Caduta all’inferno e ritorno. “La vita oscena”, il film scritto e diretto da Renato De Maria, tratto dal romanzo autobiografico di Aldo Nove (anche sceneggiatore) apre sul suolo della Mostra, nella...

Caduta all’inferno e ritorno. “La vita oscena”, il film scritto e diretto da Renato De Maria, tratto dal romanzo autobiografico di Aldo Nove (anche sceneggiatore) apre sul suolo della Mostra, nella sezione Orizzonti, un baratro di morte, pornografia, droga e ottundimento fisico e morale. Il protagonista Andrea/Aldo, interpretato dall’attore francese Clement Metayer (insolita la scelta di non fargli recitare una battuta: di lui - anzi del suo doppiatore Fausto Paravidino - sentiamo solo la voce fuori campo) viene “iniziato” alla morte sin da adolescente, quando rimane orfano di entrambi i genitori.
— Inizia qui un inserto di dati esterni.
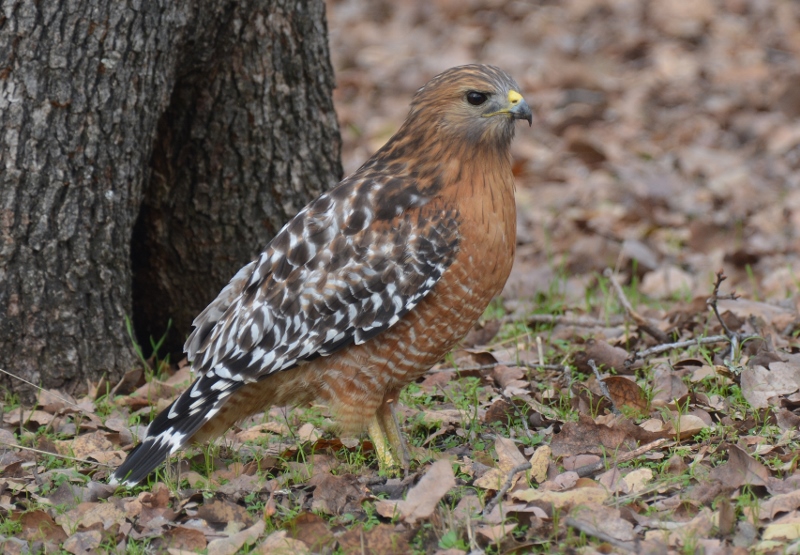 A red-shouldered hawk A red-shouldered hawk visits the backyard of author Steven T. Callan.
In particolare, la perdita della amatissima madre (Isabella Ferrari in versione figlia dei fiori) lo fa sprofondare in una dimensione allucinata che Andrea vorrebbe suggellare con una morte “poetica” per overdose, non prima di aver attraversato le stazioni di una via crucis profana, stupefacente e psichedelica, popolata di personaggi assurdi.
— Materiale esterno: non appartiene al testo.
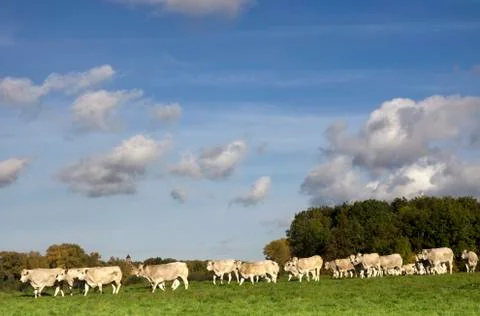 Cows in a river floodplain Stock Photos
Come l’eterea infermiera (Eva Riccobono) che cura il suo corpo mummificato dopo l’esplosione della casa, la prostituta golosa e dedita al sugo di pomodoro (Iaia Forte) che lo avvolge nelle sue forme, il transessuale (Vittoria Schisano, al suo secondo ruolo “femminile” dopo il cambiamento di sesso) che improvvisa una danza sinuosa e la mistress (Anita Kravos) che gli fa usare la lingua come posacenere.

Intanto Andrea vaga per la città con il suo skatebord alla ricerca della morte che, tuttavia, lo evita e gli concede l’occasione di rinascere, scuotendo la pellicola trasparente che ne ha soffocato il passato e gli affetti in un finale tanto ottimistico quanto frettoloso, dopo un’ora e venti di caduta e lamento esistenziale.

Tutto sembra immerso in un liquido denso e ipnotico, come se i personaggi si muovessero a rallentatore all’interno di un acquario pop-letterario, ma si fatica a comprendere il senso ultimo di un film (co-prodotto anche da Riccardo Scamarcio, presente al Lido e come sempre inseguito e accalamto dalle fan), al di là dell’ambizione (rimasta tale) di tradurre in immagini la prosa visionaria di Nove, si spiaggia inesorabilmente nello sguardo catatonico di Metayer e nei finti scandali a orologeria di pratiche sadomaso, cumuli di riviste hard sul pavimento, piste di cocaina, suggestioni “orali” e transgender che non impressionano più nessuno.